The number two comment also says the same thing. Someone does respond and they say, oh, hey, this is actually more complicated than you think. File systems are leaking abstraction. But since this is Reddit, someone basically calls them a moron, and then explains it is very easy, as everybody knows. Most comments are in this vein. The goal of this talk is to convince you that some of the internet is wrong. These comments are actually not correct, and this is harder than people think.

To do this, look at the file stack. We'll start at the top and look at the file API and we'll see that it's basically impossible to use correctly. Then we'll look at the file system and we'll see it drops many critical errors will lead to data loss and to corruption. And then we'll look at disks and see that disks can easily corrupt data at a rate five billion times higher than as stated by standard definitions.

So to begin, let's look at writing one file. What do we have to do to write a file safely? And by safely, I mean we don't want to have data corruption. So we either want the write to complete or we want to have nothing happen. In this example, let's say we have a file that contains the text a space foo, and we'd like to overwrite foo with bar. So then it will contain a space bar. For this example, there will be a number of simplifications, one of which is, if you think a lot about disks, you can think of each one of these characters as a sector on disk. For the most part, I will not be calling out the simplifications, because the full version of this talk would take about three hours and we have 25 minutes.

Similarly, you will notice a reference to a paper in the bottom right. I will also not be calling this out because we don't have enough time. So how do we write to a file? We can use this function called pwrite. This is a system call, a thing provided by AOI to let us interact with the file system. If you're used to something like Python, maybe you're not used to an interface like this. But ultimately, with something like Python or Ruby, when you call something to write a file, it will ultimately end up having to call as a call like this to write to the file.

So anyway, the interface is going to take a file that I do want to write, in this case, the text part, how many bytes we want to write. This is 3 bytes at offset 2. So if you do this, we can see what will happen. Maybe it will work. We'll actually get a bar. We could crash while writing, though. If this happens, maybe we crash before we write and we have a foo, or maybe we crash in the middle and we have data corruption.

So the pwrite operation is not guaranteed to be [INAUDIBLE] crash, so anything could happen. If we want to enforce atomicity, we don't have data corruption, one standard technique is to make a copy of the data into what we call undo log. We'll do the write of the main file and then we can delete the log file. If we crash in step one, this is OK. But we wouldn't have started writing the file yet, so it's OK that the undo log is not complete. If we crash during step two, this is also OK, because the undo log should be complete and we should be able to use it to restore data to a known good state.
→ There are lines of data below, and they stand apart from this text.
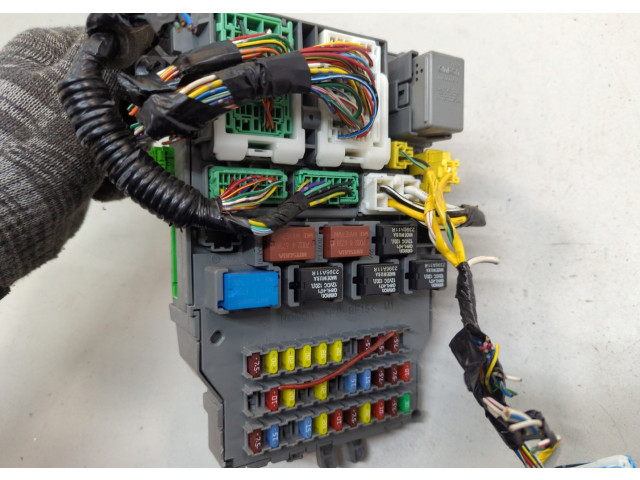 Блок предохранителей Honda Ridgeline 2005-2014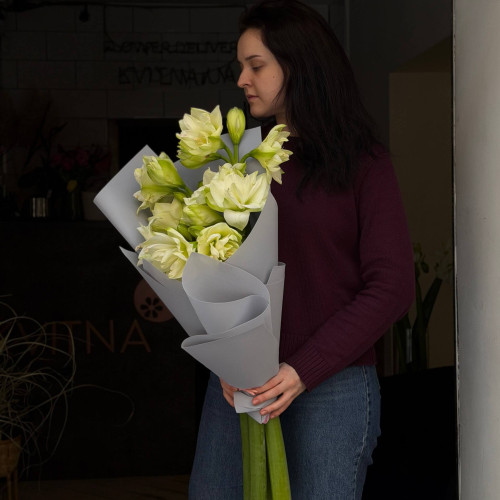 5 амарилісів у букеті «Тиха велич»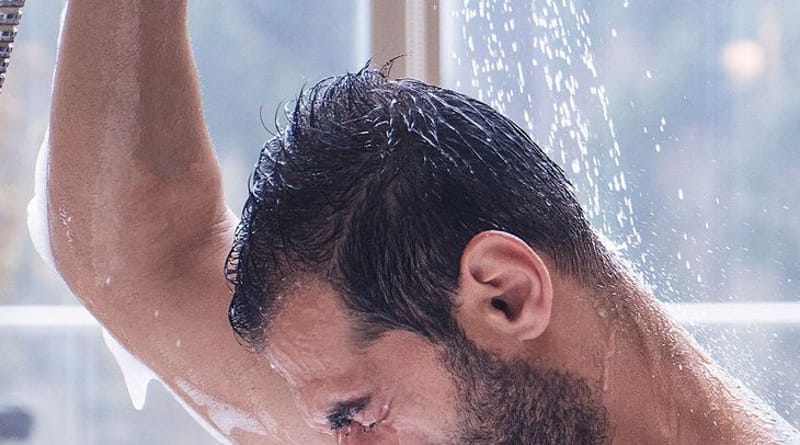 Bañarse con chanclas tiene sus contras y por estas razones no deberías usarlas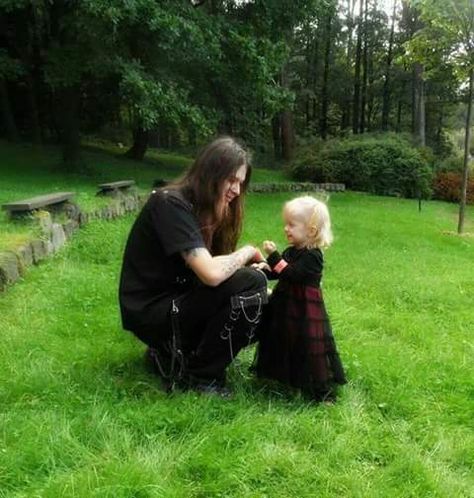 Goth Parents Aesthetic, Goth Parents, Metalhead Guy, Goth Guys, Goth Baby, Poses References, Ozzy Osbourne, Punk Goth, Long Hair Styles Men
So if we do this, we want to use more to syscols, we'll use create, which is spelled creat. We'll make this log file. Sorry. That's just how it is. And then we can write into this log file what we need to do to restore. In this case, we're writing 2,3,foo. What this says is, to restore, please at offset 2 write 3 bytes and those bytes should be foo. And then we'll do the pwrite. And so this should overwrite the data. If we crash during this, we should be fine. And then we'll do the log file.

And this may or may not work, depending on our file system and file system configuration. If we're using ext3 ext4, very common systems on Linux, and we're in a mode data=journal, we'll talk about data modes later, then it should work OK. Something we might see is we might see the log files incomplete. It contains 2,3,f. And the original file has not modified. When you try to restore from a crash, the bullets tell them log files incomplete, because we see that it says to write three bytes but there is only one byte there. So it cannot possibly be complete and we should not restore.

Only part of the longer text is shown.